» 08/16/2010, 00.00
Offensive to Christians, Jesus series broadcast on Shia networks for Ramadan is cancelled
Shia-controlled Al-Manar and NBN networks pull Iranian series based on an apocryphal story about Jesus in which Judas dies in his place. The golden rule of dialogue triumphs over misunderstandings. The controversy is likened to the Muhammad caricature.
Beirut (AsiaNews) – There is no freedom without respect for others. The West does not know this, claiming instead that the right to free expression is absolute and that it can be exercised without controls. By contrast, Lebanon provides an example of the former. Al-Manar TV and NBN are Shia-oriented networks. Last Thursday, they stopped broadcasting a 17-episode series on the life of Jesus for the month of Ramadan, based on the gospel of Barnabas, a text considered apocryphal by scholars. According to the text, the Apostle Judas took Jesus’ place and died on the Cross.
It was a good decision according to Lebanon’s Information Minister Tarek Mitri because “it showed once again that Lebanon is in the forefront of interfaith dialogue,” that it “respected the golden rule of dialogue, namely speaking about others in ways that they can recognise themselves.” In his view, the decision is “ground breaking and shall serve as a model in other situations”.

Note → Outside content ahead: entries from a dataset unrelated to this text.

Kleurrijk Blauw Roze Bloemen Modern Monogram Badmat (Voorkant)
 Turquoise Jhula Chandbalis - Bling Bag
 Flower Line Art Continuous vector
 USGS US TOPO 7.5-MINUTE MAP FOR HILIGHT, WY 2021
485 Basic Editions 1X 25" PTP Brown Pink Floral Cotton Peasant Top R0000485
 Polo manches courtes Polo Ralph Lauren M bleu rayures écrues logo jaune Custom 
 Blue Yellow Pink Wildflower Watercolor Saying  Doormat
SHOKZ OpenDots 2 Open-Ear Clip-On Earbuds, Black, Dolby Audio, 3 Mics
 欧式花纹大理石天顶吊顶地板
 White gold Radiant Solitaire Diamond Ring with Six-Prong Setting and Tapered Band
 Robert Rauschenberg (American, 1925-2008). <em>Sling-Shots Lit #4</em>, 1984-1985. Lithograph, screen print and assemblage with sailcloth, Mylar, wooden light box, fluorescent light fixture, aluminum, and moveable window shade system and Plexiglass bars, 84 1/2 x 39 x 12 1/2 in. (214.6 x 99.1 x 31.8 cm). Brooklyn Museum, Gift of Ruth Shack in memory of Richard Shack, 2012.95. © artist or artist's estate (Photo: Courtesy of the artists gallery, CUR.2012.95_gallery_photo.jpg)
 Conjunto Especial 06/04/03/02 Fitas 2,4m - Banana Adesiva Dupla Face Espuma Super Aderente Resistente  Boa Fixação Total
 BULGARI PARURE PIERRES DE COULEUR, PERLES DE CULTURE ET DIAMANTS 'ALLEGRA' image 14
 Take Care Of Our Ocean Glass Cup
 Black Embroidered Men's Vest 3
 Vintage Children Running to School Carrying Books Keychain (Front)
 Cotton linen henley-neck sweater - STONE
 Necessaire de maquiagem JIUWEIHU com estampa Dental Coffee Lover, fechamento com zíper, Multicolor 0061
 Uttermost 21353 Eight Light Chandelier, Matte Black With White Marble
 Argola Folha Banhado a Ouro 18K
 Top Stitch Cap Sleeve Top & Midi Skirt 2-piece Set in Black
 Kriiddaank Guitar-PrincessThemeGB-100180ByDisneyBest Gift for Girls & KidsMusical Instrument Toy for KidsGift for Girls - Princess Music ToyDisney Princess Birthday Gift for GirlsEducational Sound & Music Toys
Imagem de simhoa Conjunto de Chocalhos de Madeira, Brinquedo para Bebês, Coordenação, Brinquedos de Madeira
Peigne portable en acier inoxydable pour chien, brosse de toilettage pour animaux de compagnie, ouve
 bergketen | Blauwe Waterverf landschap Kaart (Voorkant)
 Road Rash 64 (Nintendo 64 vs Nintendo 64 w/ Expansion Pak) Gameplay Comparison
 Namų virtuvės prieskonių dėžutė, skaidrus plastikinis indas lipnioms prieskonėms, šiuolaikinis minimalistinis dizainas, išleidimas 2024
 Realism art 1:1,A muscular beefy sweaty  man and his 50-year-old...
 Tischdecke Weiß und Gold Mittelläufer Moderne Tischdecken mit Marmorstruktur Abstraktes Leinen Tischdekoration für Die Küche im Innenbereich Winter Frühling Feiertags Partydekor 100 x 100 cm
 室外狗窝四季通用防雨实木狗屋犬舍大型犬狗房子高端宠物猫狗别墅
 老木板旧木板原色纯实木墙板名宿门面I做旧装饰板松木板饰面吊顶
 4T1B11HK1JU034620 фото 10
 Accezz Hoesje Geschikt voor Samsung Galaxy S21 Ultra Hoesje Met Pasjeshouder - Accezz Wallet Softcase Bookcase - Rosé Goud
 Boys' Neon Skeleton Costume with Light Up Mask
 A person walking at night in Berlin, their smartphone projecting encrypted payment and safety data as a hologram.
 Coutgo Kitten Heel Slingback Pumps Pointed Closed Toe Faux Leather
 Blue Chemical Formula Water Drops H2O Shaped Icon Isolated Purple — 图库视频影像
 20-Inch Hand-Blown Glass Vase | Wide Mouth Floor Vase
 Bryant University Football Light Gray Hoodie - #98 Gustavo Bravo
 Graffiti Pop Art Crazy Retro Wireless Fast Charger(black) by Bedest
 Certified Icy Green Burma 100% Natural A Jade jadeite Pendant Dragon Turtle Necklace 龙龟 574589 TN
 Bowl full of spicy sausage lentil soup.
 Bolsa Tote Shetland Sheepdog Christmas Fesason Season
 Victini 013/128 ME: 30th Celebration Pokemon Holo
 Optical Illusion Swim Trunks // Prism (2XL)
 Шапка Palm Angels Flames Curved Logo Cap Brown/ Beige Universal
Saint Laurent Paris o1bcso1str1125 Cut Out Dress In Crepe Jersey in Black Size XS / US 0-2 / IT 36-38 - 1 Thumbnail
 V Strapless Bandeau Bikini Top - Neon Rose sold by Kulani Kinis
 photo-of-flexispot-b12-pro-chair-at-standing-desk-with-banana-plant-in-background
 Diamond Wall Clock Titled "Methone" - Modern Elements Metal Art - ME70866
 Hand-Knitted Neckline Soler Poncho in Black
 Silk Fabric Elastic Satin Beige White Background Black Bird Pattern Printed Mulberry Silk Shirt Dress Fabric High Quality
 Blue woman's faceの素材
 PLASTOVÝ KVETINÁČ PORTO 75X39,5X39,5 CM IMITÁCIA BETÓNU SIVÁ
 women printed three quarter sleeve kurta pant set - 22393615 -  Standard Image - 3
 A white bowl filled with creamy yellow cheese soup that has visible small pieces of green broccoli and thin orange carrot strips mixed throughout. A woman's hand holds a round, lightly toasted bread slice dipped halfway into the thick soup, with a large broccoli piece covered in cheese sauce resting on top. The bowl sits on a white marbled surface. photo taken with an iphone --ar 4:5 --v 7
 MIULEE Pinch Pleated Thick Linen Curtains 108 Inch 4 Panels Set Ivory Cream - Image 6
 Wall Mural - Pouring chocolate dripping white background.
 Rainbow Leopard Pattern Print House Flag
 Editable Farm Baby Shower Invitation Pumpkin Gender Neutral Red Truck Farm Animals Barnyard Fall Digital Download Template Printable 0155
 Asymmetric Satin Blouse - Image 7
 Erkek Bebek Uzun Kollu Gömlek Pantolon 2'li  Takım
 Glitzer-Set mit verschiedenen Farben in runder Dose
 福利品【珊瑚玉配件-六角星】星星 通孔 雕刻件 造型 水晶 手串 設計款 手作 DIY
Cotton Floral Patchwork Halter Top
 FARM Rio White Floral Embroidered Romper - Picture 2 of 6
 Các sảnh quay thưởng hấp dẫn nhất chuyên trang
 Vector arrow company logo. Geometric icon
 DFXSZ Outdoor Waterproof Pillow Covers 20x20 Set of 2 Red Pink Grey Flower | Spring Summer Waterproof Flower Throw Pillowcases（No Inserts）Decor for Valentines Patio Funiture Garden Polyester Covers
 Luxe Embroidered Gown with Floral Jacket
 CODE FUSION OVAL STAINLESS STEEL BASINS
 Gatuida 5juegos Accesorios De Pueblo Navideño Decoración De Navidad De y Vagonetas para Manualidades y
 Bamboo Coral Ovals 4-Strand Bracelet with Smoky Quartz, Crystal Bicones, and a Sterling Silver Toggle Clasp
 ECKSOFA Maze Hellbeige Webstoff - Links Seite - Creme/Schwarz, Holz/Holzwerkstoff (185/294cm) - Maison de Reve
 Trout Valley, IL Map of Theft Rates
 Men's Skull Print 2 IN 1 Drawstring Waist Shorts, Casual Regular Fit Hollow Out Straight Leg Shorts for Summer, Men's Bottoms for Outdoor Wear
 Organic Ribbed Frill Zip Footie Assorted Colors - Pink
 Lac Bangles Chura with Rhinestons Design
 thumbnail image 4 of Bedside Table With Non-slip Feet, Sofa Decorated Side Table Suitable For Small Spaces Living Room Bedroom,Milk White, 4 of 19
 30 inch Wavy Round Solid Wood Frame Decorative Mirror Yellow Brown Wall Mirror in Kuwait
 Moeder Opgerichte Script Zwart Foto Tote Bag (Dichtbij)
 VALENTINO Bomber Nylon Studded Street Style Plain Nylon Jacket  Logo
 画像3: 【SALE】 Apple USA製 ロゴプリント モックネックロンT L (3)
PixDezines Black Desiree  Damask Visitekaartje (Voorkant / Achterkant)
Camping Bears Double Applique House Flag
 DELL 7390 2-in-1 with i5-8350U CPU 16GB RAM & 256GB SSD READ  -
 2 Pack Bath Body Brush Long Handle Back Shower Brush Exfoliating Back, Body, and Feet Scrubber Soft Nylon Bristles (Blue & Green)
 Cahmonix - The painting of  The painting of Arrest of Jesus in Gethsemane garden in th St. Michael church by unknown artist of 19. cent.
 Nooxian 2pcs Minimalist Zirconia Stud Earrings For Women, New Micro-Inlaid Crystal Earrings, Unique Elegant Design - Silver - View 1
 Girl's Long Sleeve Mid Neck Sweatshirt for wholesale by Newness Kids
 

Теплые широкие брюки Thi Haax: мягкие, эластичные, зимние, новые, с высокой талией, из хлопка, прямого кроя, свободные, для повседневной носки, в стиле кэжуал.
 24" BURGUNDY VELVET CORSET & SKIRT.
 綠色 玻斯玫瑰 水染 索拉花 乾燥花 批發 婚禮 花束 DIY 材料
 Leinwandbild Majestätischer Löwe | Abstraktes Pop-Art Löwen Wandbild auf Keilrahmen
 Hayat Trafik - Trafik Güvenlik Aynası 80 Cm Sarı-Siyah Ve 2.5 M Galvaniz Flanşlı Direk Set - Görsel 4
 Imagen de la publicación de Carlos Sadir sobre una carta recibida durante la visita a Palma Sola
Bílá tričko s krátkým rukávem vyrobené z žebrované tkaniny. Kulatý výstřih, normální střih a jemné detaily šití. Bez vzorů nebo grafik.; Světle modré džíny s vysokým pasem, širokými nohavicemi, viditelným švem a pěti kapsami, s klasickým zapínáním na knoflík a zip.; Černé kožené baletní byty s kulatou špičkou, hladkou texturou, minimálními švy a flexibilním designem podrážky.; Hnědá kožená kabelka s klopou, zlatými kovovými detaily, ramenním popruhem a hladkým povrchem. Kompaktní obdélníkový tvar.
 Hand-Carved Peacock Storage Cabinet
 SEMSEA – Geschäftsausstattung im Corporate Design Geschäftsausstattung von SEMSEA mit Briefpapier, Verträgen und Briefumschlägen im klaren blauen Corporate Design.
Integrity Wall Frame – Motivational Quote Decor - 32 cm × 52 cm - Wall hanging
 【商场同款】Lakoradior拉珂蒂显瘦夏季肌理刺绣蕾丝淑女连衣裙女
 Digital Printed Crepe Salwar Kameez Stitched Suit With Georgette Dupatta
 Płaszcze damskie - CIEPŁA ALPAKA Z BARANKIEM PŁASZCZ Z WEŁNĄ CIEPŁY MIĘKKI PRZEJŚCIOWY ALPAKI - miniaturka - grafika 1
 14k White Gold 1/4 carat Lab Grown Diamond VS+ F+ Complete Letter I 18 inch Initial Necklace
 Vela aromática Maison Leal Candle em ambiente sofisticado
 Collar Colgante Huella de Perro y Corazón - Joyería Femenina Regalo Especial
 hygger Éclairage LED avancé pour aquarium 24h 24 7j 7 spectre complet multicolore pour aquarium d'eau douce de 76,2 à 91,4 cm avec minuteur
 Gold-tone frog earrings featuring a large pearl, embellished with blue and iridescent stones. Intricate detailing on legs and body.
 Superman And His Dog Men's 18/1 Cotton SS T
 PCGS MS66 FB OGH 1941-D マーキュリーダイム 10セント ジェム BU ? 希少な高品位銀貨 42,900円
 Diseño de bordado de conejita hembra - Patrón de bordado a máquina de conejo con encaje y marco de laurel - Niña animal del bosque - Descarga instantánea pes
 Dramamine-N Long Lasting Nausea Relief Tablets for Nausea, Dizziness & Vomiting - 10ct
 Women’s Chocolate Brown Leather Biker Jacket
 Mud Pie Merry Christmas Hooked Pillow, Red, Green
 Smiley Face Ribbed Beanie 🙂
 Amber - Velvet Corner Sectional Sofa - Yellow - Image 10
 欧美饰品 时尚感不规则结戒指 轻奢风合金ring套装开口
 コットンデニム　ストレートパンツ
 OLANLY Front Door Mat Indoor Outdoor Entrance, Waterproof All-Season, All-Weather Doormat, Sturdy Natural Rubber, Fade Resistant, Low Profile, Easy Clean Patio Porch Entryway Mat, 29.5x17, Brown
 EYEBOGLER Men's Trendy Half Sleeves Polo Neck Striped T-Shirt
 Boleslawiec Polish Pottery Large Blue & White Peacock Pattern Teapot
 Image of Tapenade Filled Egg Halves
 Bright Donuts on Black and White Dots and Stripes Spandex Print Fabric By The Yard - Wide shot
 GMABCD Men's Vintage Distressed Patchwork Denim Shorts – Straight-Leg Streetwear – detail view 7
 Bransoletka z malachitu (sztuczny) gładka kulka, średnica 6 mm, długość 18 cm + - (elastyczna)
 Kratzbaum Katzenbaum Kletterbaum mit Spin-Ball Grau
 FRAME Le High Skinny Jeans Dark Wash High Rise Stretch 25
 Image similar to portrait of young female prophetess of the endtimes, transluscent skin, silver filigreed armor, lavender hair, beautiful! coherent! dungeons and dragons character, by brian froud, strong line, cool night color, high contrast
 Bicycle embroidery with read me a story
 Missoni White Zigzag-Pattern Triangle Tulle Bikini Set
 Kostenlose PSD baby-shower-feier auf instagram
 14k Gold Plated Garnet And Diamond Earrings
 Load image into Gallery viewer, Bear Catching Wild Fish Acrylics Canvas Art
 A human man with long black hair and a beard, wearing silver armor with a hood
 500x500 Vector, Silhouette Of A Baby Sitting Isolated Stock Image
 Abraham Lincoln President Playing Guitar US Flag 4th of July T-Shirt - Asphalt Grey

Church authorities and Christians in general were upset when the series’ first two episodes were shown on 11 and 12 August. After viewing them, the Catholic Information Centre (CIC), on behalf of the Assembly of Catholic Patriarchs and Bishops of Lebanon, called for a stop to the series in order that some scenes deemed offensive to the Christian faith removed. However, “Soon, it was realised that there was too much to” cut, Mitri said.
Tensions between the authorities and the population lasted only 24 hours. Around 2 pm on Friday, during a hectic press conference held at the CIC headquarters, the Information minister announced with pride that both networks had decided of their own free will to drop the series.
Top officials at the two networks took the decision “so as not to offend the Christian faith or hurt the religious feelings of Christians.”
Mgr Bechara Rahi, Maronite archbishop of Jbeil and president of the Bishops’ Commission on Social Communications, and other Church leaders, stood with Mitri when the latter described the decision “as going beyond politics” or “a power relationship where there is a winner and a loser”. For him, it transcends a purely legal solution since the General Security Office could have banned the series.
When Western media published caricatures of the Prophet Muhammad, Muslims the world over demanded public apologies. In this case, journalists asked Tarek Mitri if the insult warranted reparations and excuses. His response was to say that the series’ withdrawal “is more eloquent than a thousand apologies.”
“It is a victory for Lebanon, for its cultural and religious originality,” Mitri explained, adding that he appreciated the networks’ decision to bear the financial burden caused by breaking the contract to broadcast the series.
For his part, Maronite archbishop of Jbeil simply said, “Truth triumphed”.